Prior to July 1, 1935, Kopald and Humphreys were co-partners in a partnership which carried on a business of refining vegetable oils. They had a total capital investment in the partnership in the amount of $273,554.69. Petitioner was organized on July 1, 1935, to take over the business which had been conducted by the partnership. All of the assets of the partnership were conveyed to petitioner on or about July 1, 1935; petitioner assumed the liabilities of the partnership. The partnership assets included fixed assets, land, plant and machinery, hydrogenating plant, new frame buildings, autos and trucks, office furniture and fixtures, having a book value of $107,099.20. The quick assets, consisting of cash, accounts receivable, and inventories, had a book value of $325,294.86, and other assets had a book value of $3,732.70. The total book value of all of the assets was $436,126.76. The book value of the assets was less than the appraised value shown by an appraisal which the partners had made around the date of July 1, 1935. *36 The total liabilities, consisting chiefly of notes and accounts payable, were $162,572.07. The net book value of the assets was $273,554.69.

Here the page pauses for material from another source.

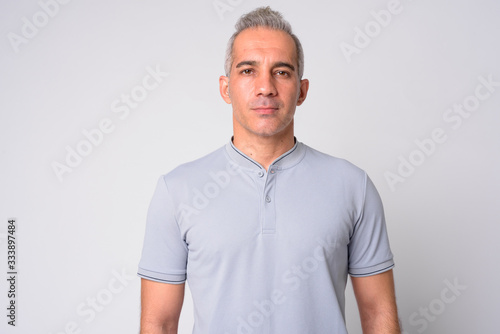 Portrait of handsome Persian man with gray hair © Ranta Images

Kopald and Humphreys transferred to petitioner their interest in $226,000 of partnership assets in exchange for $226,000 par value of petitioner's stock consisting of $176,000, 5 percent cumulative preferred stock, and $50,000 common stock, which was issued in equal amounts to Kopald and Humphreys. The excess of the value of the partnership assets above $226,000 was a loan to petitioner by Kopald and Humphreys in the total amount of $47,554.69, and petitioner's balance sheet as of July 1, 1935, carried as liabilities notes payable to the two stockholders in the total amount of $47,554.69. Petitioner's outstanding stock consisted of 500 shares of common stock and 1,760 shares of preferred stock, both classes having a par value of $100 per share.
At some time prior to January 19, 1937, Kopald and Humphreys proposed that petitioner retire all of the preferred stock at par. On January 19, 1937, petitioner's directors adopted a resolution to call and pay for all of the preferred stock on February 1, 1937. The preferred stock was called; Kopald and*37 Humphreys surrendered their certificates; the stock certificates were canceled. All of this was done on or about February 1.
According to the balance sheet of petitioner as of December 31, 1936, petitioner's earned surplus was only $86,474.90. Its quick assets amounted to about $500,000. On or about February 1, 1937, the balance in petitioner's checking account with the Union Planters National Bank and Trust Company was $47,647.77. The balance in another checking account in the First National Bank in Memphis was about $50,000. After the transaction hereinafter described these bank balances were not increased but remained the same.
At the time the stockholders surrendered their preferred stock, petitioner issued two checks in the amount of $88,000, each, total $176,000, to each stockholder. The checks were issued against petitioner's checking account with the Union Planters Bank. The checks were dated February 1, 1937, but they were deposited, paid, and cleared through the bank on February 6. Simultaneously, Kopald and Humphreys issued their personal checks, payable to petitioner, in the amounts of $88,000 each. These two checks also were deposited, paid, and cleared through the *38 Union Planters Bank on February 6. The exchange of the checks was a wash transaction. Neither petitioner nor Kopald and Humphreys were any richer or poorer after the four checks had been deposited and paid in the Union Planters Bank.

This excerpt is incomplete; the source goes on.